A tutte queste domande tenta di rispondere Lo straniero. Un funerale, scritto da Francesca Garolla e diretto da Renzo Martinelli, che lo vede protagonista con Woody Neri al Teatro Fontana di Milano fino al 30 novembre.
Parla Renzo Martinelli
Chi è veramente il signor Meursault?
Il signor Meursault de Lo straniero di Albert Camus è un uomo con degli amici, ma a cui soprattutto è morta la madre. Sta andando al suo funerale.

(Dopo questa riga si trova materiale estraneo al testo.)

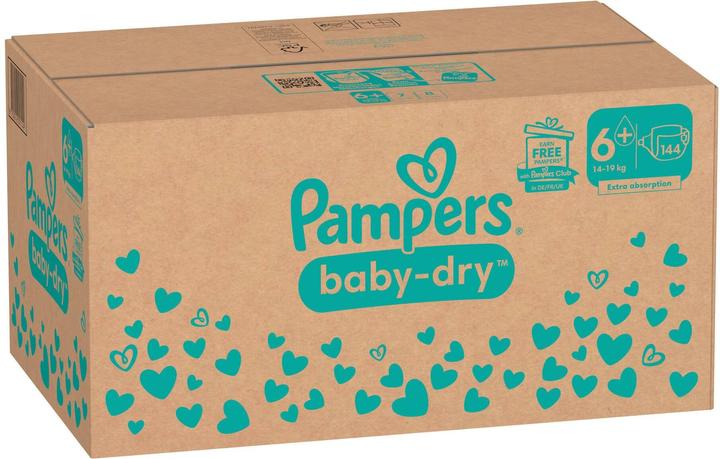 Productafbeelding Pampers Baby-Dry (Maat 6+., Maandelijks pakket, 144 Stuk)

Viene sottoposto a giudizio, ma nello svolgersi della cronologia del romanzo, sembra che questo giudizio avvenga più per l’indifferenza della madre morta che di un arabo ucciso, perché lui ha tenuto casualmente in tasca una pistola per dividere una lite precedente. Poi sembra che la colpa sia del sole, perché la pistola spara e uccide accidentalmente l’arabo.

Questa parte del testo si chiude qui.